**What the task requires**
What you give back from the listing below should be an exact copy of the lines from the one with "Green pumpkin in" down to the one with "lot 79 image: Book", and it should contain no pictures.

**Data to use**

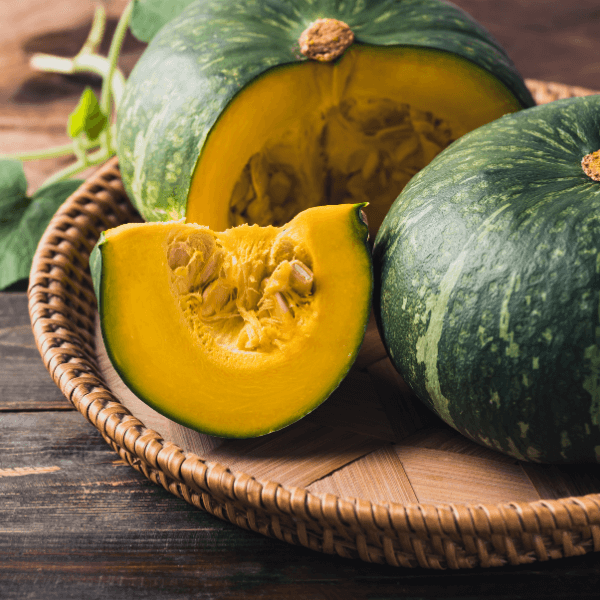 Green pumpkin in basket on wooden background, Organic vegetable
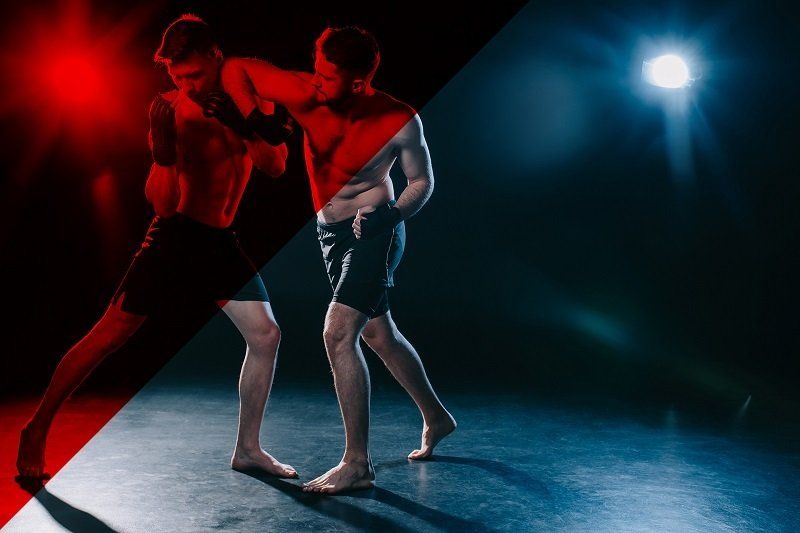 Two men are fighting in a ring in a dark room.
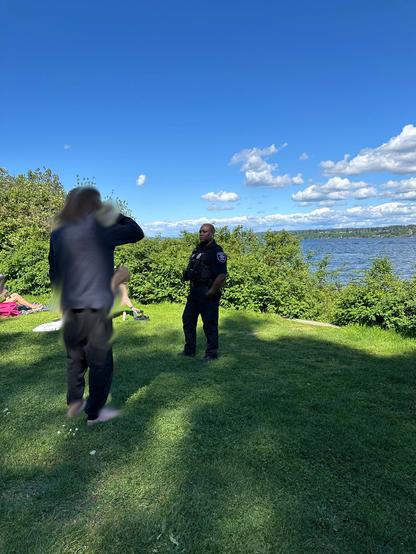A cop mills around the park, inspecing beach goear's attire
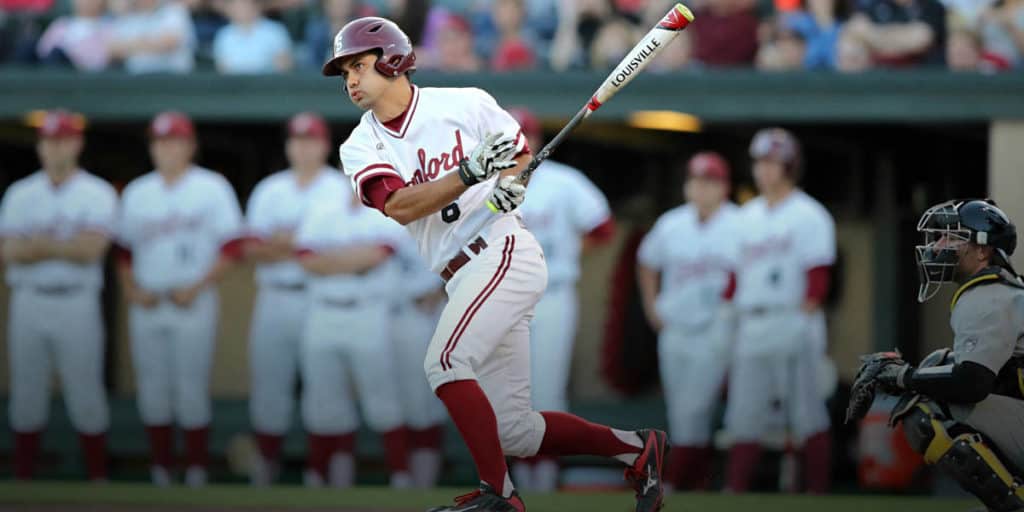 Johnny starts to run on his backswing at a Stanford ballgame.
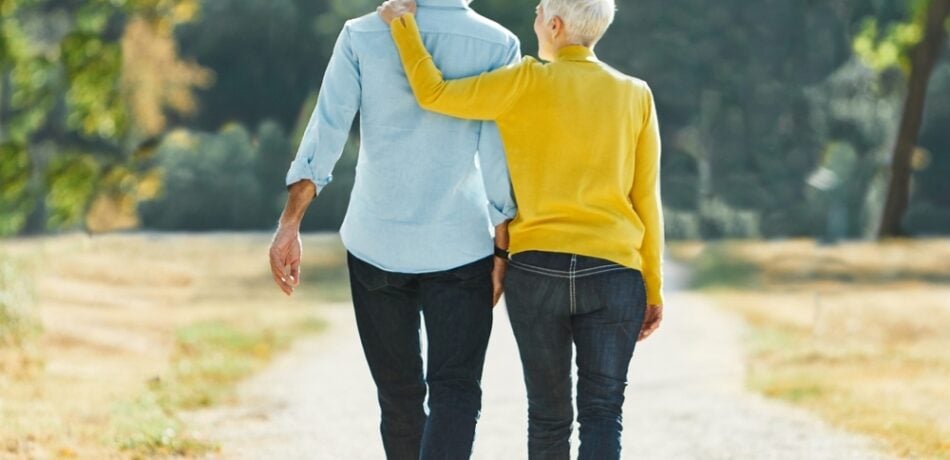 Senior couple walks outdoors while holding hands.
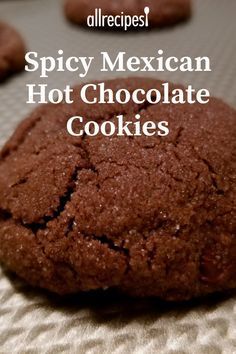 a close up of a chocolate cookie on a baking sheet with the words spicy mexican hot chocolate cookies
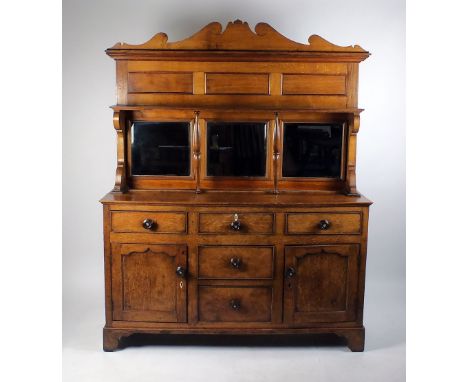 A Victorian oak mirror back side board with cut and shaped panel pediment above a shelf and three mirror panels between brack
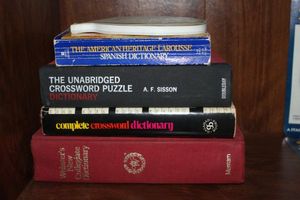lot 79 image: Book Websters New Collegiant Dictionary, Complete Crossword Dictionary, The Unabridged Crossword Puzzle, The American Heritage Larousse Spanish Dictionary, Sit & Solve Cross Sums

* * *

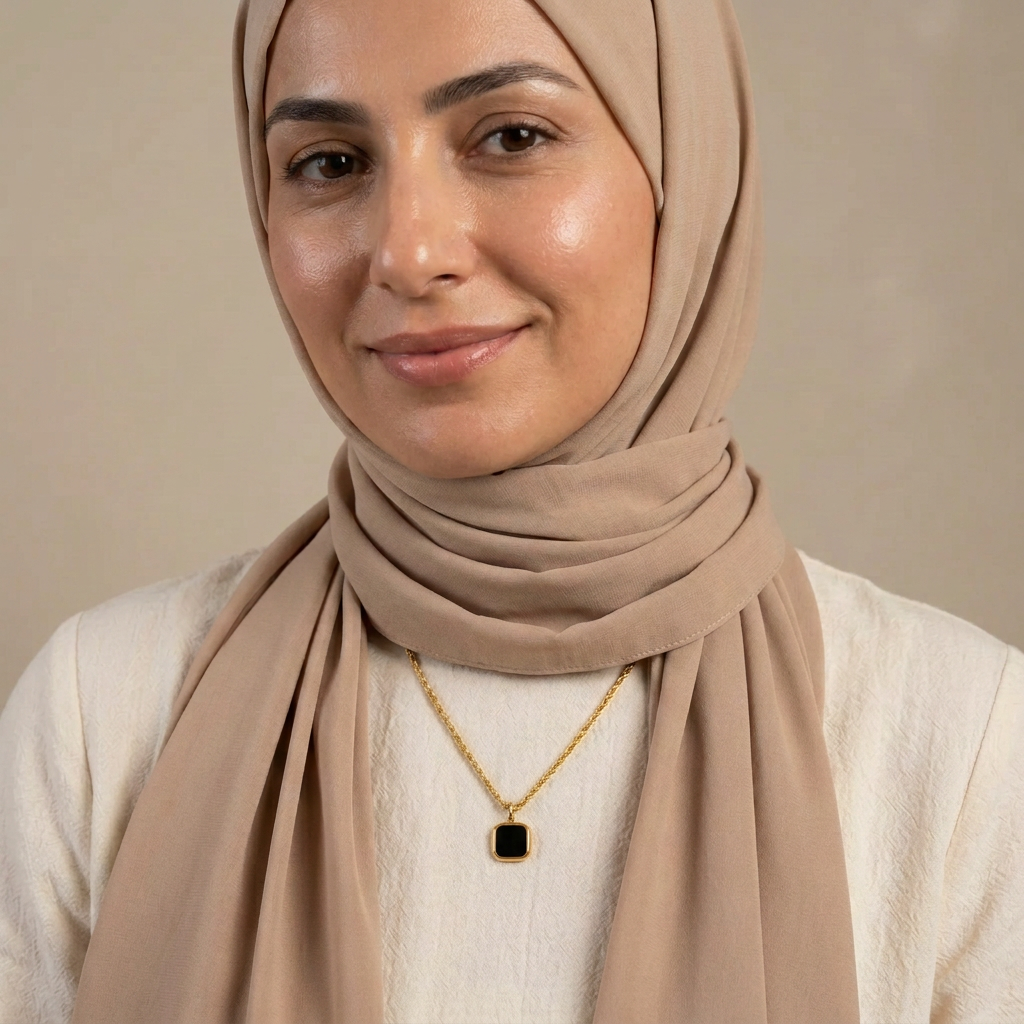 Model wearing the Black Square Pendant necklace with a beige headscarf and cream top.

**Task output**
 Green pumpkin in basket on wooden background, Organic vegetable
 Two men are fighting in a ring in a dark room.
A cop mills around the park, inspecing beach goear's attire
 Johnny starts to run on his backswing at a Stanford ballgame.
 Senior couple walks outdoors while holding hands.
 a close up of a chocolate cookie on a baking sheet with the words spicy mexican hot chocolate cookies
 A Victorian oak mirror back side board with cut and shaped panel pediment above a shelf and three mirror panels between brack
lot 79 image: Book Websters New Collegiant Dictionary, Complete Crossword Dictionary, The Unabridged Crossword Puzzle, The American Heritage Larousse Spanish Dictionary, Sit & Solve Cross Sums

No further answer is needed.